Cane Thickness & Scraping

Once you get above 5,000 feet, you may find you need to scrape a little more out of the channels of the heart and blend area to get the reed vibrating and lower the pitch.

Overall, the definitions between the back and heart might be slightly less defined as well. I find thick cane and a healthy opening help with the extra scraping.

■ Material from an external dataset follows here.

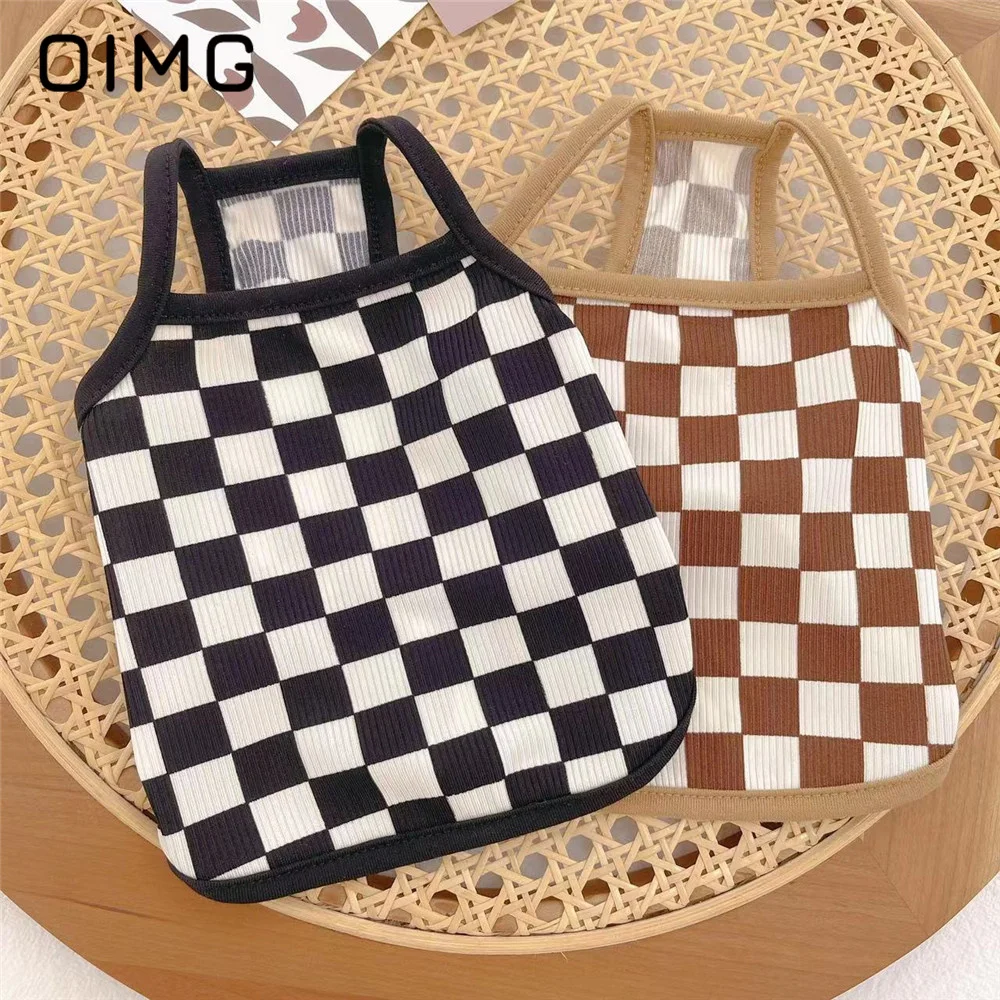 

OIMG Spring Summer Pet Clothes Checkerboard Dog Cat Home Sling Vest Teddy Bichon Sun Protection Breathable Cool Sleeveless Shirt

If your openings are ideal, but your reed is loosing tone quality and dynamic range in the dry climate and high elevation, your cane may be too soft for the additional scraping. Try harder cane to retain more desired qualities.

Other Online Resources


  1. Russ deLuna

    Very nice article Kara! Good information for anyone trying to get started!

  2. musictravelandmore

    Very detailed and helpful. Until I get the hang of it I am purchasing reeds from another professional. I have determined what “hardness” works best for me, but wonder if I can salvage any of the ones that are too soft.

    • kharawolf

      I’m glad you found the article helpful! You should be able to salvage some of the softer ones. They will probably just be limited in dynamics and maybe a little bright or buzzy compared to your “ideal” reed. As long as they are comfortable to play you should be able to get a little use out of them in an appropriate setting. I usually try to accommodate the softer cane with more “lower vibrations” from the back or blend of the heart to tip. Then clip the tip. Those adjustments will help darken the tone. And you may have to open the reed a little with the wire. I don’t like using the wire to control the opening, but it can help stretch out a soft piece of cane if it’s closing down. Good luck!

  3. Lila

    Khara, I love your site. When I moved to Denver I followed instructions I got from Dick White (Washington DC) many years ago, to get my reeds to work, and made a few adjustments of my own, and they are the same things you are saying here – imagine that! I do not wire reeds, but open and close them with pliars (described in Sprenkle).

    • Khara

      Thank you Lila! I’m so happy to hear my site has been helpful (and that the information is similar to that which you have already found helpful too). I am interested in your suggestion of pliers – do you use them on the cane itself?